OMB-UM: Design, Implementation, and Evaluation of CUDA Unified Memory Aware MPI Benchmarks

Karthik Vadambacheri Manian, Ching-Hsiang Chu, Ammar Ahmad Awan, Kawthar Shafie Khorassani, Hari Subramoni and Dhabaleswar K. Panda

Unified Memory (UM) has significantly simplified the task of programming CUDA applications. With UM, the CUDA driver is responsible for managing the data movement between CPU and GPU and the programmer can focus on the actual designs. However, the performance of Unified Memory codes has not been on par with explicit device buffer based code. To this end, the latest NVIDIA Pascal and Volta GPUs with hardware support such as fine-grained page faults offer the best of both worlds, i.e., high-productivity and high-performance. However, these enhancements in the newer generation GPU architectures need to be evaluated in a different manner, especially in the context of MPI+CUDA applications.

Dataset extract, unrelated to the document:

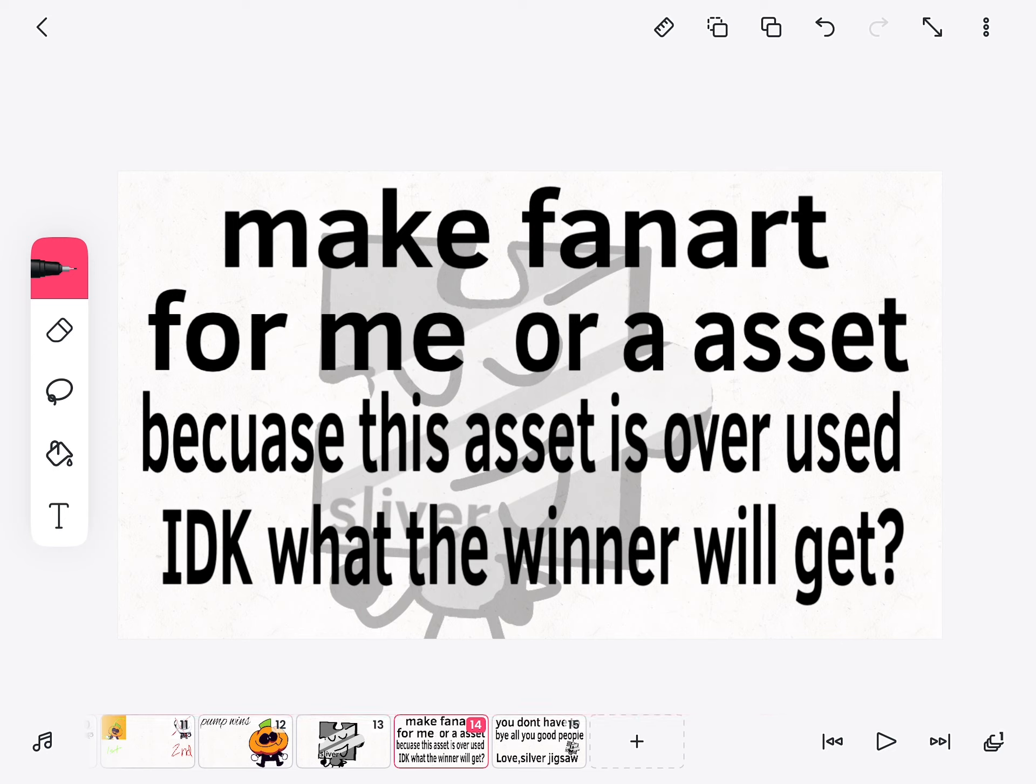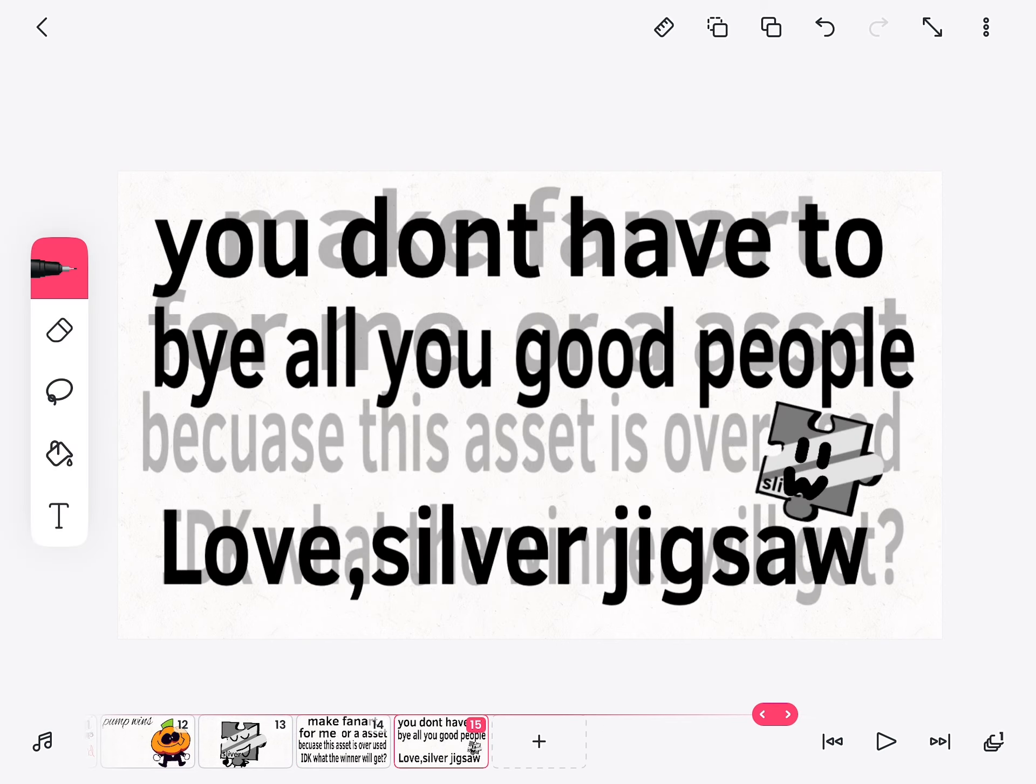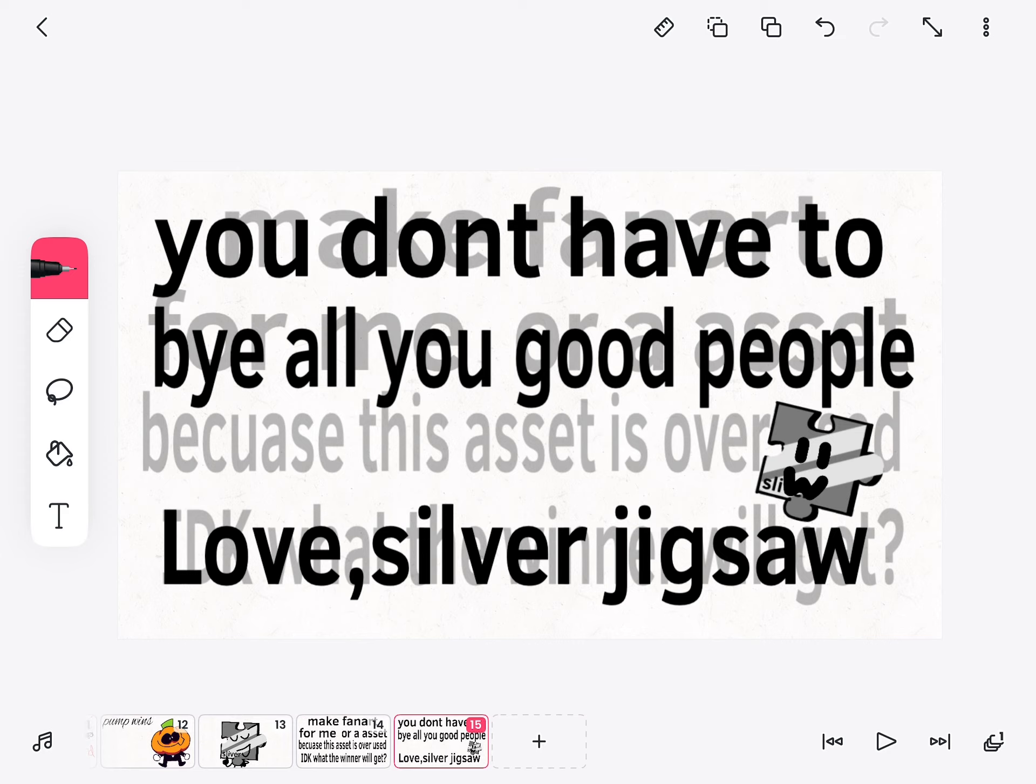Don't you know I'm still standing better than I ever did, looking like a true survivor, feeling like a little kid. Now I'm still standing after all this time, I'm picking up the pieces of my life after all this time.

In this paper, we extend the widely used MPI benchmark OSU Micro-benchmarks (OMB) to support Unified Memory or Managed Memory based MPI benchmarks. The current version of OMB cannot effectively characterize UM-Aware MPI design because CUDA driver movements are not captured appropriately with standardized Host and Device buffer based benchmarks. To address this key challenge, we propose new designs for the OMB suite and extend point to point and collective benchmarks that exploit sender and receiver side CUDA kernels to emulate the effective location of the UM buffer on Host and Device. The new benchmarks allow the users to better understand the performance of codes with UM buffers through user-selectable knobs that enable or disable sender and receiver side CUDA kernels. In addition to the design and implementation, we provide a comprehensive performance evaluation of the new UM benchmarks in the OMB-UM suite on a wide variety of systems and MPI libraries. From these evaluations we also provide valuable insights on the performance of various MPI libraries on UM buffers which can lead to further improvement in the performance of UM in CUDA-Aware MPI libraries.